Se, algum dia, você assistiu a uma ópera, é bem provável que tenha sido em outro idioma - em geral, italiano, alemão ou francês. Pois, no último sábado (2), na Capital, a Orquestra Sinfônica de Porto Alegre (Ospa) e um grupo de talentosos cantores-atores, apresentou um espetáculo do gênero em língua portuguesa, ou melhor, em “bom gauchês”.
Com direito a “bah”, “capaz” e outros termos que conhecemos bem, os artistas encenaram a opereta Os Bacharéis, escrita no fim do século 19 pelos gaúchos José Gomes Mendes e Simões Lopes Neto - aquele mesmo, de Contos Gauchescos (1912) e Lendas do Sul (1913).
Delicioso e surpreendentemente atual, o texto é uma comédia de costumes criada em Pelotas, há cerca de 130 anos, para tirar sarro dos filhos da elite local que iam estudar fora (na Europa), voltavam “doutores” e se achavam a “última bolachinha do pacote” - não, Simões e José Gomes não escreveram exatamente isso, mas, bem, foi o que quiseram dizer.
Com direção musical de Evandro Matté e direção cênica de Marcelo Ádams, tenores, barítonos e sopranos (no total de 12 cantores líricos, alguns do Coro da Ospa e outros da Companhia de Ópera do Rio Grande do Sul) arrancaram aplausos e gargalhadas do público.
Quem disse que ópera é sempre um drama? "Qual, o quê, estás enganado, vivente!", diria um dos personagens de Os Bacharéis.
É curioso como um espetáculo apresentado pela primeira vez em 1894, no Theatro Sete de Abril, em Pelotas, ainda pode cair nas graças dos espectadores. E é mais legal ainda saber que uma ópera pode até mesmo começar com uma marchinha de carnaval - nesse caso, foi com a famosa Ó abre alas. Não deu outra: a pequena subversão ganhou a plateia no primeiro minuto. É assim que se faz.
O segredo
Estudioso do teatro, professor, encenador e ator experiente, Marcelo Àdams explica que a opereta surgiu como um desdobramento da ópera. Foi uma invenção francesa oitocentista, que tornou o gênero mais leve, com textos cômicos, misturando canto e diálogos falados.

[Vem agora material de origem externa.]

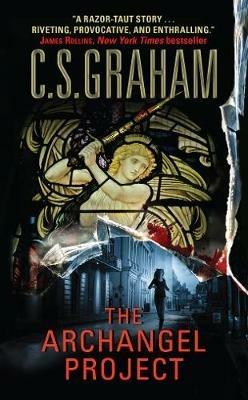 The Archangel Project - C.S. Graham - cover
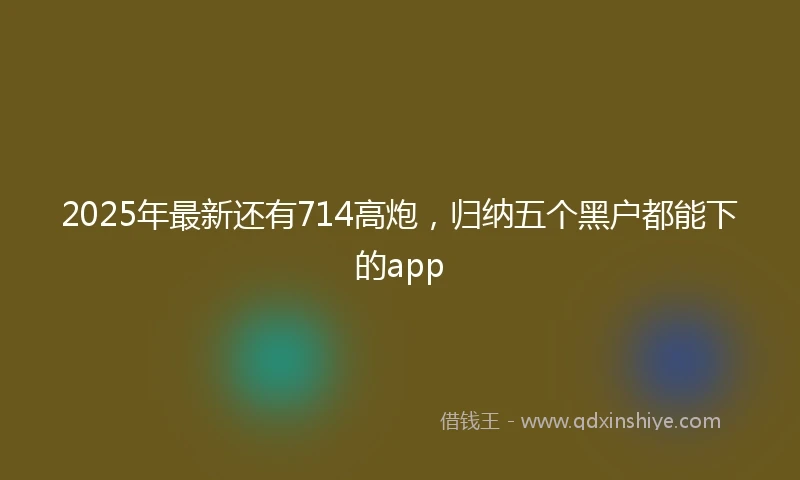 2025年最新还有714高炮，归纳五个黑户都能下的app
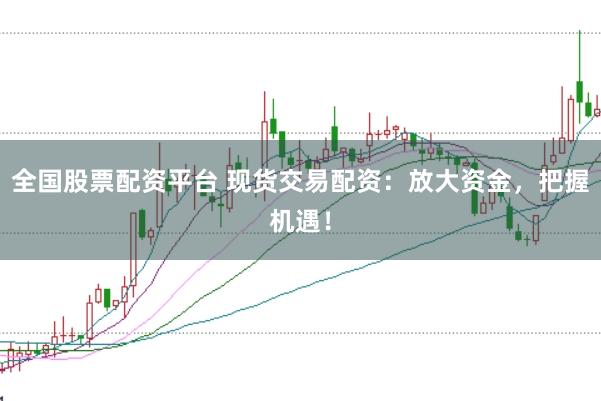 全国股票配资平台 现货交易配资：放大资金，把握机遇！
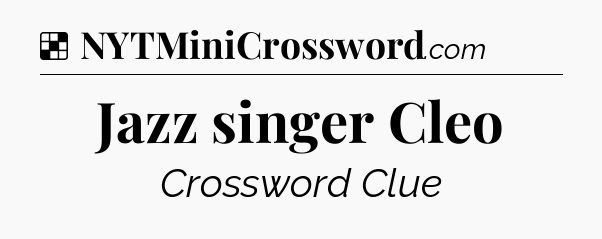 Solution: Jazz singer Cleo - NYT Crossword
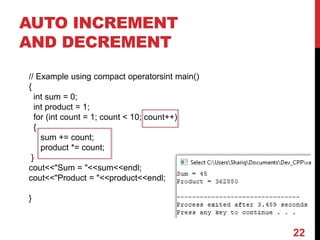 AUTO INCREMENT
AND DECREMENT
// Example using compact operatorsint main()
{
int sum = 0;
int product = 1;
for (int count = 1; count < 10; count++)
{
sum += count;
product *= count;
}
cout<<"Sum = "<<sum<<endl;
cout<<"Product = "<<product<<endl;
}
22
 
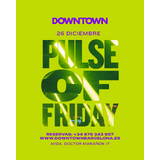 PULSE OF FRIDAY - DOWNTOWN Viernes 26 Diciembre 2025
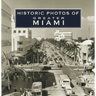 Historic Photos of Greater Miami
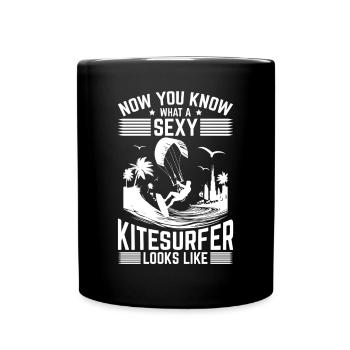 Now you know what a sexy kitesurfer looks like - Tasse einfarbig - Schwarz - Vorne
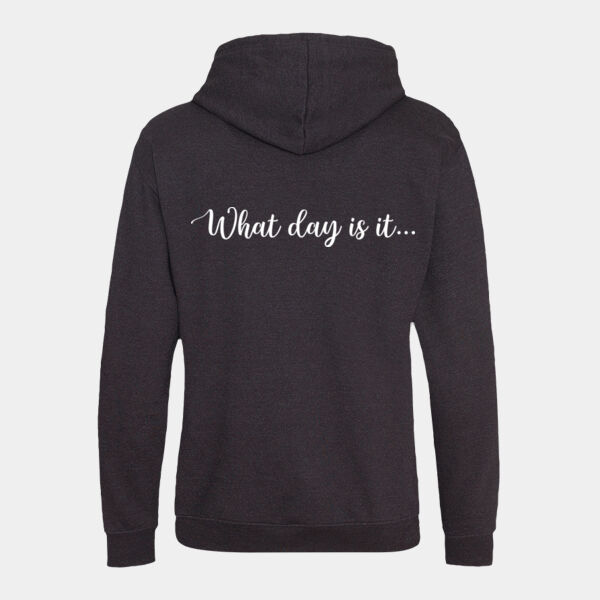 Hoodie - What Day Is It... Thumbnail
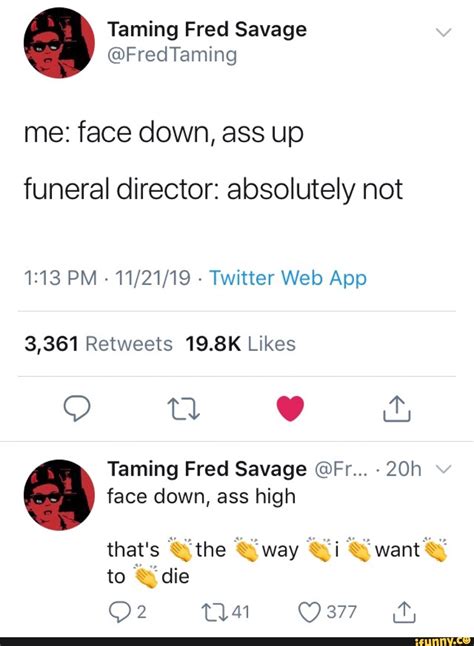 Taming Fred Savage Fredtaming Me Face Down Ass Up Funeral Director Absolutely Not Pm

No Brasil, como sempre, a criação foi logo adaptada e acabou se tornando a semente do teatro musicado brasileiro. Por aqui, a nova modalidade incorporou ritmos locais aos europeus e alguma "picância", por assim dizer. Os Bacharéis é exatamente isso, com notas ferinas de ironia e crítica social. Esse, talvez, seja um dos segredos do sucesso.
Elenco afinado
Com trajes de época, criados por Daniel Lion, os artistas escalados para dar vida ao texto merecem destaque, porque deram um show à parte no cenário concebido por Yara Balboni.

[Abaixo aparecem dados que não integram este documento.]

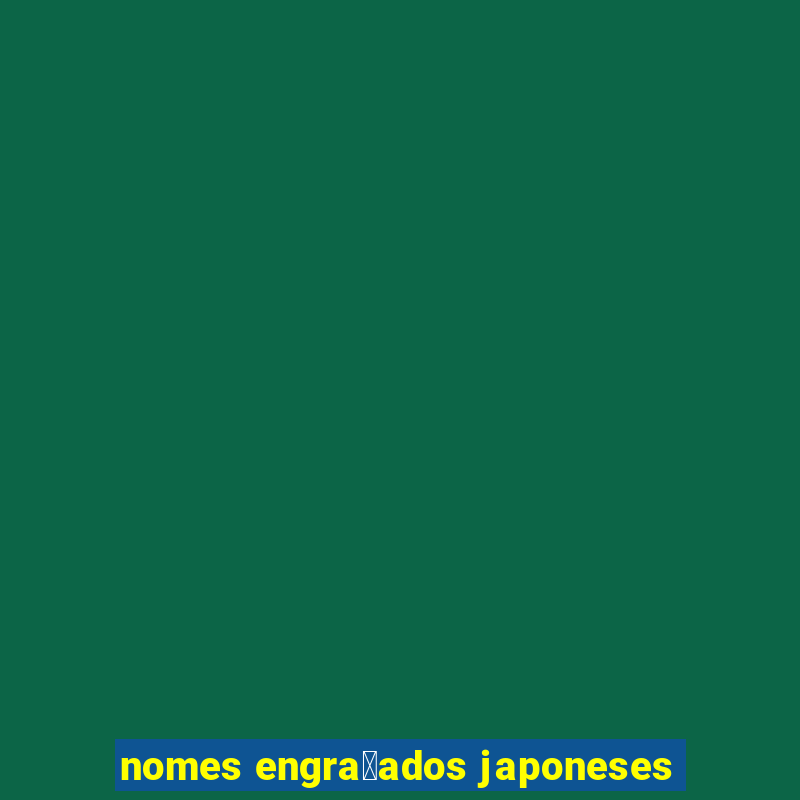 nomes engra莽ados japoneses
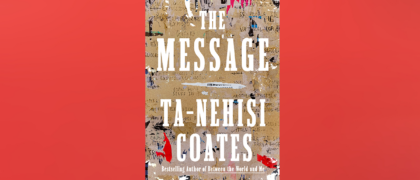 FROM THE PAGE: An excerpt from Ta-Nehisi Coates’ <i>The Message</i>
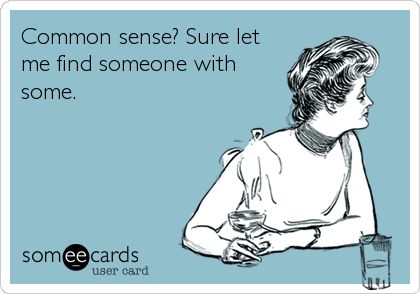 Common sense? Sure let
me find someone with
some.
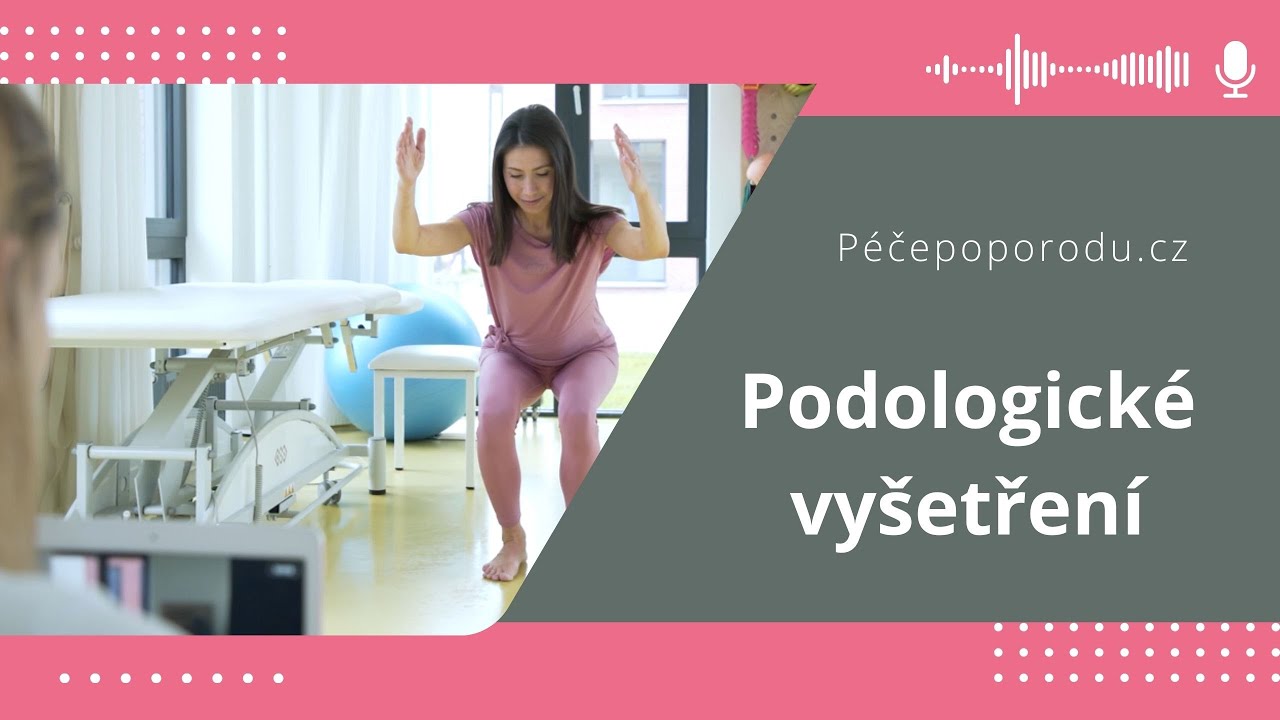 Péče po porodu | Podologické vyšetření a ošetření
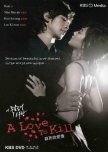 A Love to Kill korean drama review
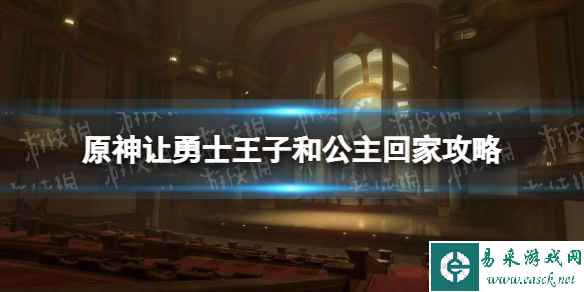 《原神》让勇士王子和公主回家攻略 让勇士王子和公主回家怎么过?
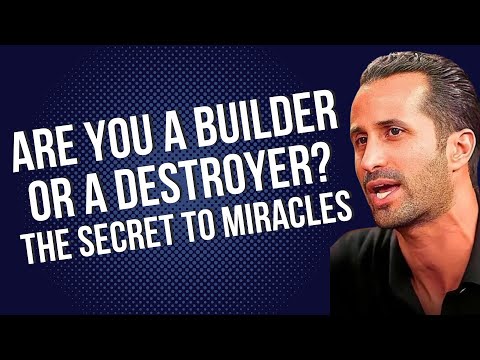 Ep.34 Are You a Builder or a Destroyer? The Secret to Miracles
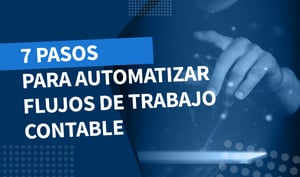 7 pasos clave para automatizar el flujo de trabajo contable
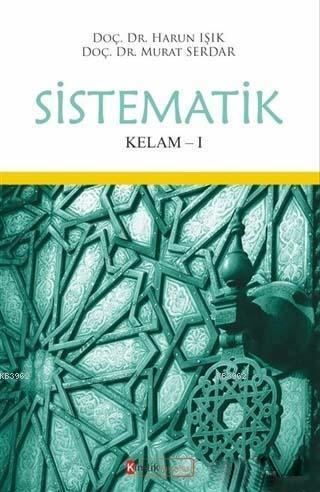 Sistematik Kelam - 1 | Serdar Murat | Kimlik Yayınları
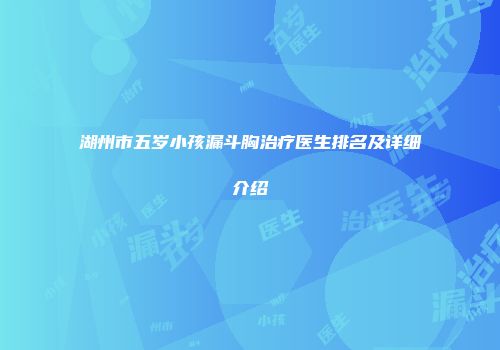 湖州市五岁小孩漏斗胸治疗医生排名及详细介绍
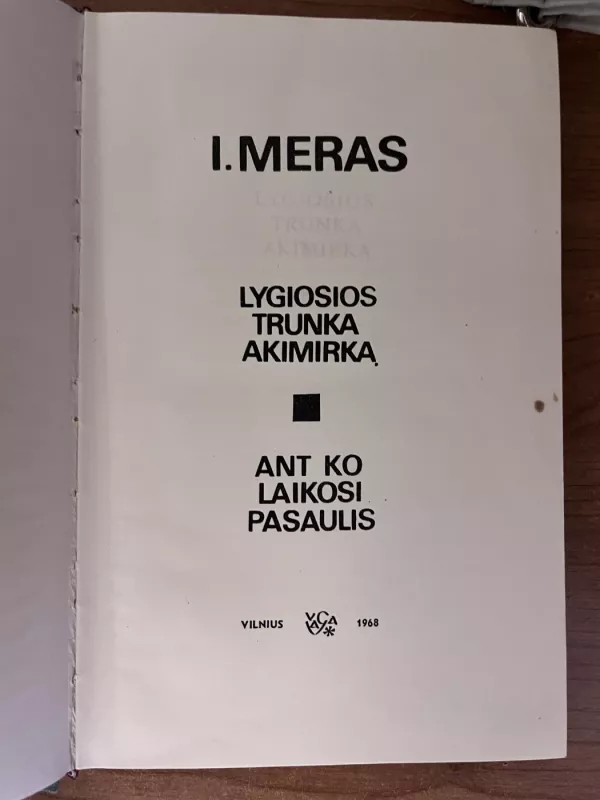 Lygiosios trunka akimirka / Ant ko laikosi pasaulis - Icchokas Meras, knyga 4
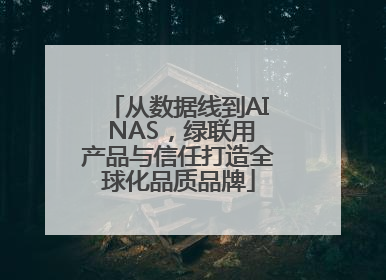 从数据线到AI NAS，绿联用产品与信任打造全球化品质品牌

Em muitos espetáculos do tipo, cantores líricos se limitam a cantar. No caso de Os Bacharéis, dirigidos por Marcelo Ádams, com assistência de Margarida Peixoto, atriz experiente da cena cultural gaúcha, os especialistas da voz mostraram que também sabem atuar. E fazer comédia não é fácil.

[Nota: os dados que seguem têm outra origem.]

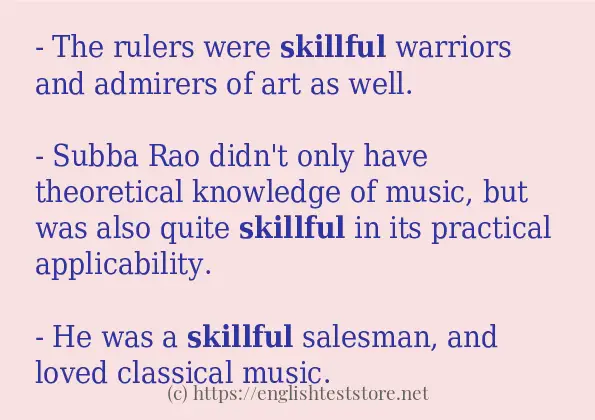 Make sentence of skillful
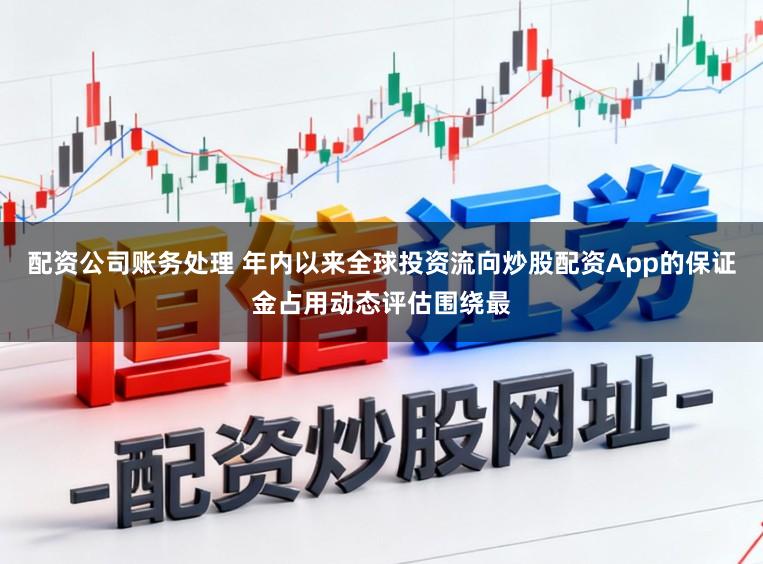 配资公司账务处理 年内以来全球投资流向炒股配资App的保证金占用动态评估围绕最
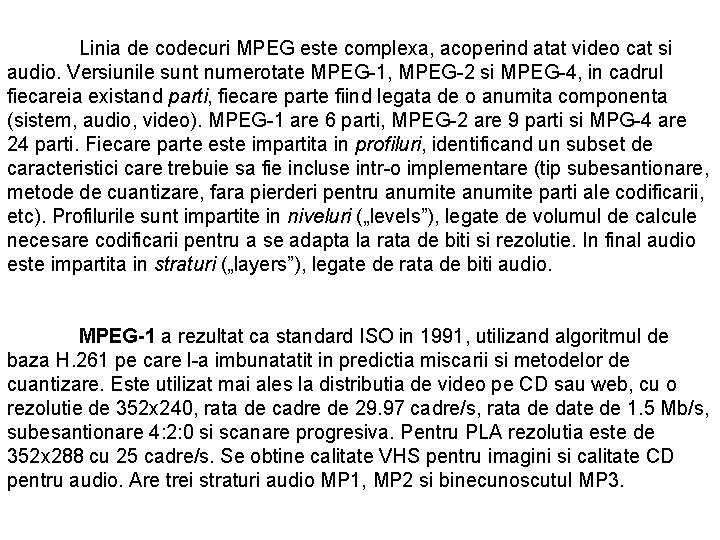 Linia de codecuri MPEG este complexa, acoperind atat video cat si audio. Versiunile sunt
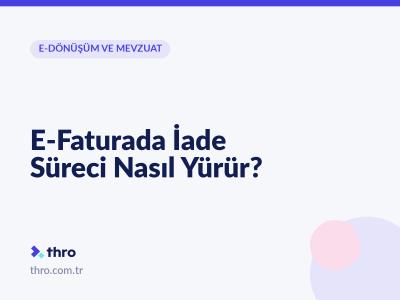 E-Faturada İade Süreci Nasıl Yürür?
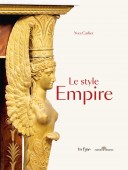 LE STYLE EMPIRE <BR>LES STYLES DIRECTOIRE, CONSULAT ET EMPIRE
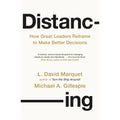 Distancing: How Great Leaders Reframe to Make Better Decisions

Flávio Leite, Sérgio Sisto e Henrique Cambraia (este, uma revelação do teatro do RS nos últimos anos) mandaram bem demais como os irmãos protagonistas do show. Felipe Bertol foi impagável na pele de "Pombinho", Ricardo Barpp criou um padre divertidíssimo e Elisa Machado, Guilherme Roman, Roger Nunez, Cristine Guse, Carolina Braga, Oséas Duarte e Izabella Domingos foram impecáveis.
De volta a Pelotas
Depois da estreia em Porto Alegre, Os Bacharéis será apresentado em Pelotas, onde nasceu. A encenação está marcada para a próxima sexta-feira (8), às 20h30min, no Auditório do Sicredi.